This Day In Dodgers History: Frank McCourt Agrees To Sell Team

On March 27, 2012, embattled owner Frank McCourt agreed to sell the Los Angeles Dodgers franchise to Guggenheim Baseball Management for a record $2 billion. It ended a months-long process as it was in November of 2011 that McCourt signed off on selling the team, Dodger Stadium and the surrounding real estate.

The sale price shattered the $1.47 billion Malcolm Glazer paid for English soccer team, Manchester United, in 2005. While a deal was in place, it required final confirmation in a court hearing on April 13 of that year.

The Guggenheim group was headed by principle owner Mark Walter and included team president and CEO Stan Kasten, and part-owners Todd Boehly, Peter Guber, Magic Johnson and Bobby Patton.

McCourt purchased the Dodgers from NewsCorp in February 2004 for $420 million, though in a deal that was heavily financed.

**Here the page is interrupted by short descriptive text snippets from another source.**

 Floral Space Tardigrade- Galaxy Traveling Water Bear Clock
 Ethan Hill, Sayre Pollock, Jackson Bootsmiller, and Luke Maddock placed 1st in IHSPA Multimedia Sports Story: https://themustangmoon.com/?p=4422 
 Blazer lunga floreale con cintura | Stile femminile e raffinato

They reached the postseason four times in McCourt’s six years as owner, in 2008 won a playoff series for the first time in 20 years and made back-to-back appearances in the National League Championship Series.

However, his tenure ultimately was marred and evaluated by multiple public relations missteps by McCourt and his wife, Jamie, instability within the organization and the couple’s eventual divorce. That came to light when news of their separation broke on the eve of the 2009 NLCS.

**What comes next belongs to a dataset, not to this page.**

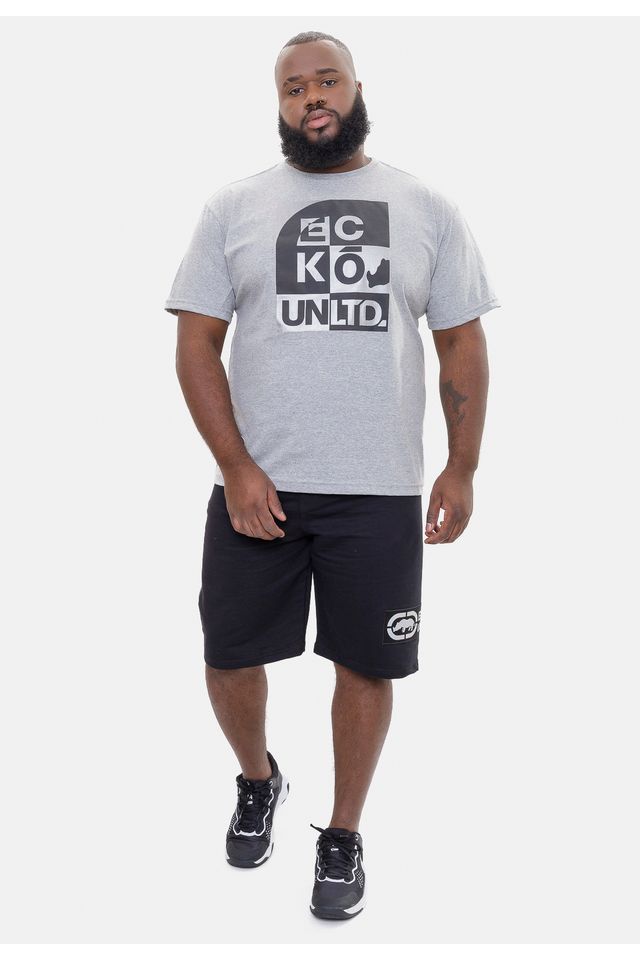 Bermuda Ecko Moletom Plus Size Zig Preta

Then-commissioner Bud Selig announced in April 2012 that MLB was taking over operations of the Dodgers and appointing a trustee. Selig and McCourt traded public barbs as the Dodgers were dragged into bankruptcy before the two reached an agreement on terms to sell the team.

Upon officially taking control of the franchise, Guggenheim immediately moved to inspire faith from fans and get the team back on a competitive path. One of their more splashy acts was a trade with the Boston Red Sox in August 2012 that saw the Dodgers take on more than $250 million in salary.

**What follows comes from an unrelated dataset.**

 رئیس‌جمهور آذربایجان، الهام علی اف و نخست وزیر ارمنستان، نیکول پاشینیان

Dodgers success under Guggenheim

The Dodgers have won the NL West in all but one of Guggenheim’s full seasons as owners (beginning in 2013). They reached the World Series in 2017 for the first time in 29 years and returned to the Fall Classic the following season. In 2019, the Dodgers set a franchise record with 106 wins, and won the 2020 World Series to end the championship drought.

The 2022 Dodgers then set a new franchise record with 111 wins.

Guggenheim has also overseen several upgrades to Dodger Stadium, including a $100 million project that was completed for the 2020 season.

Their ownership group grew to include Billie Jean King and Ilana Kloss in 2018 as minority stakeholders, and in 2019 Alan Smolinisky and Robert L. Plummer joined as part owners.